The vast majority of people do not "need" music piracy any more. If you want ten different versions of every REM album with slightly different mastering then sure, join RED. But it's a niche interest these days.

It's a huge contrast to movie piracy, which is thriving and which provides enormous advantages over any other way of watching movies at home, not just in cost and convenience but also in access and in quality.

> I'd wager that pretty much anything that most people want to listen to is on music streaming sites

If you have simple tastes, easily accept holes in their catalog and don't care about being served butchered "remasters". People who actually care don't use Netflix/Spotify.

Some examples: Melvins' Lysol is (famously) only available on Apple Music and for good measure I just looked right now at Spotify's page for Midori (https://open.spotify.com/artist/1Qjrx8NtccILLfR3wh1u3o) and it has neither their First EP nor Second LP (https://www.discogs.com/artist/777727-Midori-3); I didn't even choose or try multiple artists, I simply wondered "hmmm, is Midori on Spotify?".

Worthless.

>If you have simple tastes, easily accept holes in their catalog and don't care about being served butchered "remasters". People who actually care don't use Netflix/Spotify.

Oh please, spare me the condescending bullshit.

Sure, there exists music that is on RED that is not on Spotify. There also exists music that is on Spotify that is not on RED (some of which I even listen to!).

I said "pretty much anything" and "most people". I stand by this. Most people do not experience major holes in the Spotify catalog and are perfectly well satisfied by the breadth of the catalog. If you aren't, that's cool, but you're in a minority.
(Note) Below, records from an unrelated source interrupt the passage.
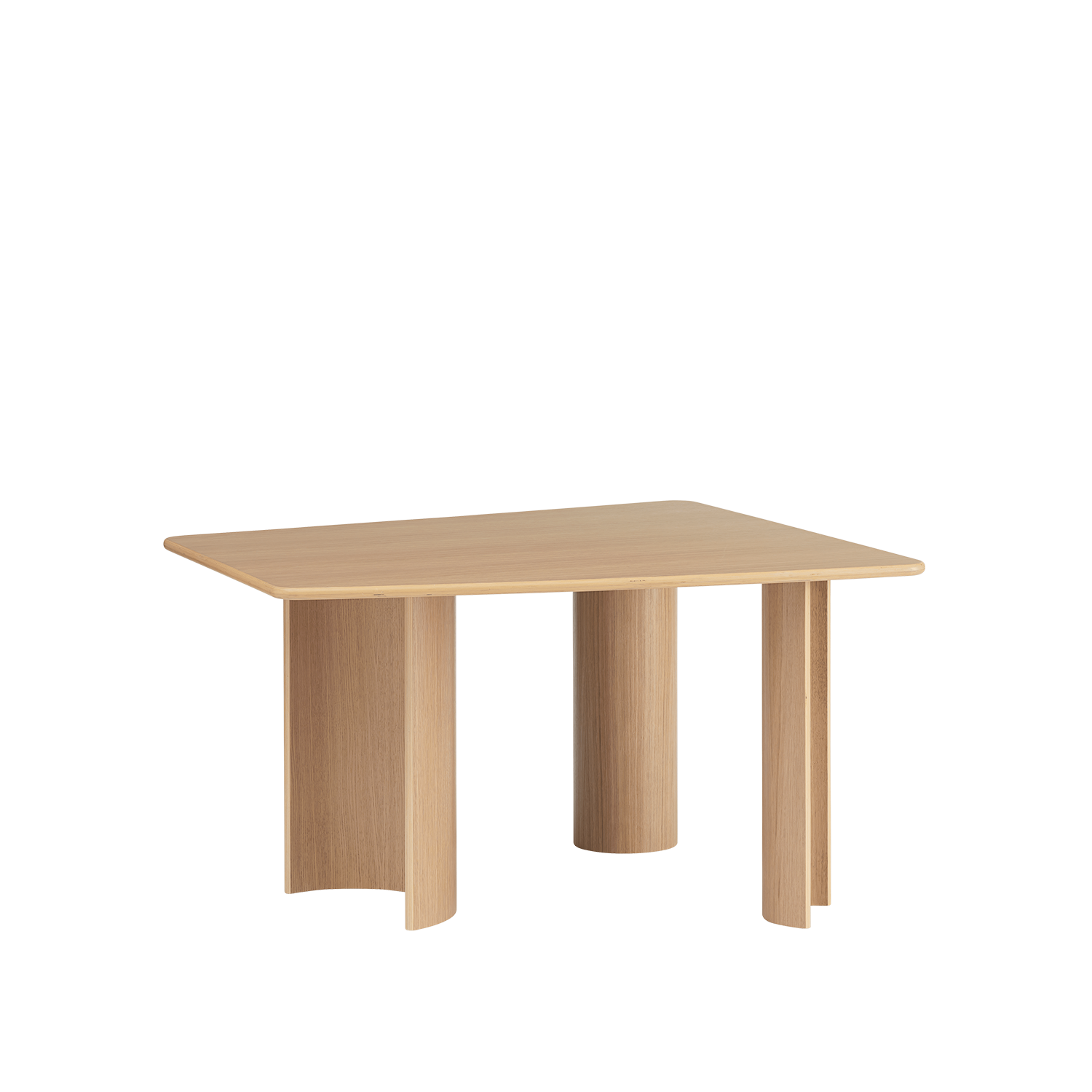 Re-norm Table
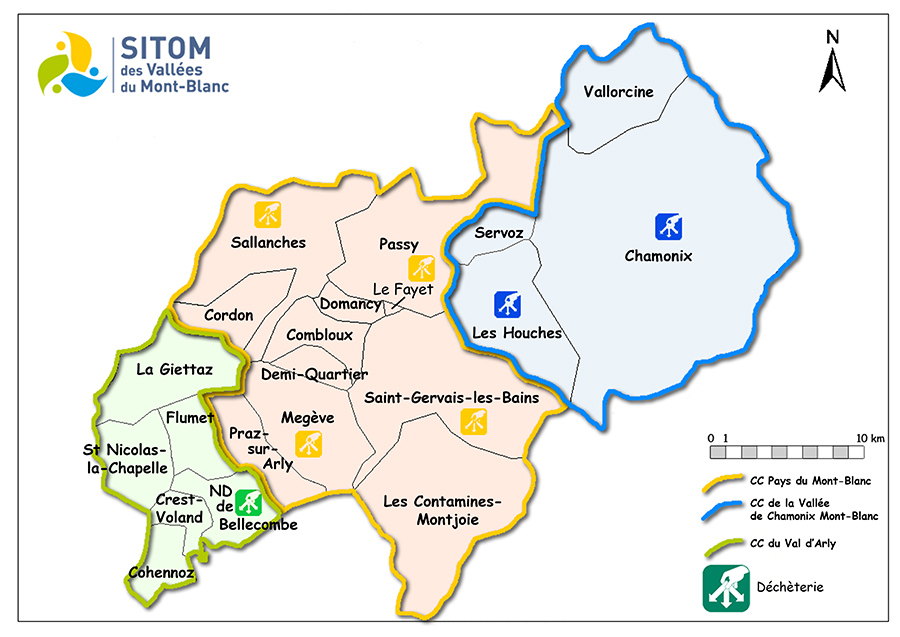 Carte-SITOM-avec-CC-3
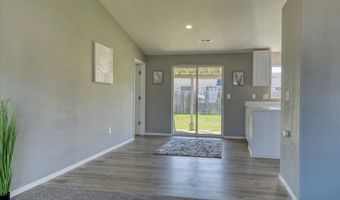 12411 W 9TH Ave, Airway Heights, WA 99001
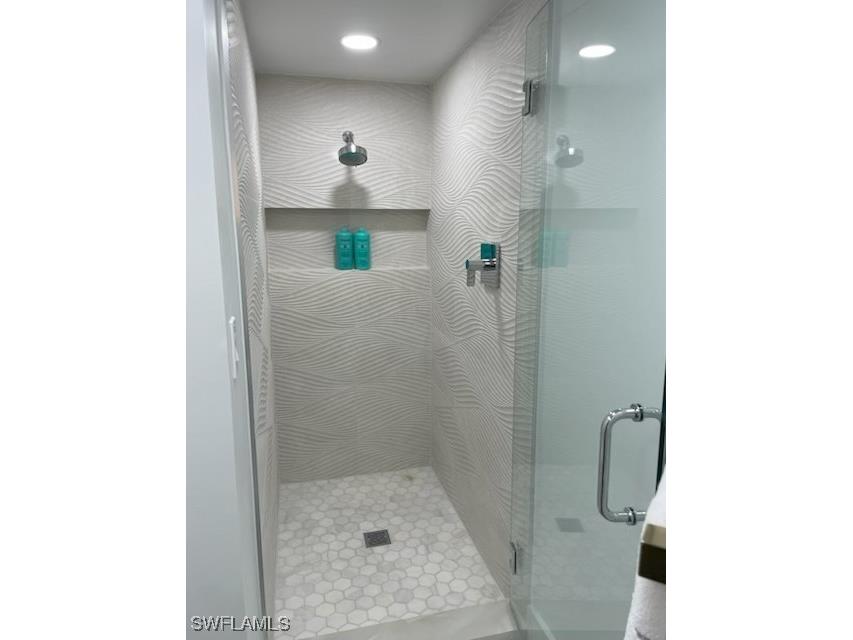 6001 Pelican Bay Boulevard #1006 Naples FL 34108 225075545 image23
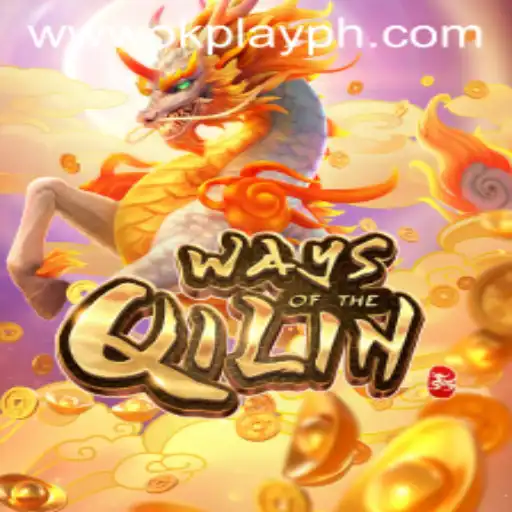 Exploring the Enchantment of WaysoftheQilin with OKPlay PH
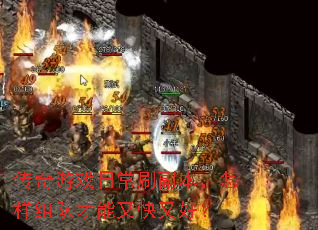 ϷճˢӲֺֿã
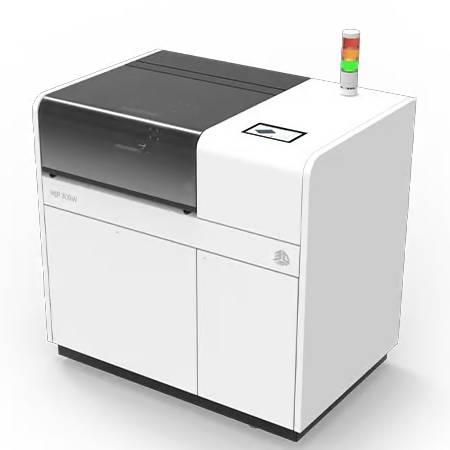 3D Printer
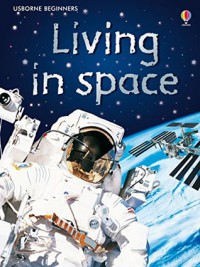 LiVIng In Space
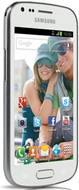 Samsung Galaxy Ace II X S7560M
If this weren't the case, music piracy would be more popular. It's not. RED has more music now than What.CD did, but the community is smaller. It's telling that it doesn't even get a mention in the OP. A lot of people who join aren't even particularly interested in music piracy but just want to use it as a stepping stone to other communities.

I'm not saying that music piracy sucks or whatever. I'm just saying that most people don't feel much need for it and are well-served by Spotify--which, again, has some huge advantages over piracy that I gave previously. I think it is useful to be realistic about this because it's easy reading an article or thread like this to feel a kind of FOMO and I think it's valuable to push back against that.

I think you and OP are arguing different things. Netflix/Spotify are the McDonalds/Olive Garden of media. They are basic, uncomplicated, and flawed, yet they serve most people's tastes. People whose needs they don't serve well go somewhere else.

I'm not sure why people keep bringing up Netflix. Last I checked, they weren't a music streaming service.

There's a huge difference in Spotify for music vs Netflix for TV and movies. Netflix's catalog is absolutely tiny. Spotify's is not.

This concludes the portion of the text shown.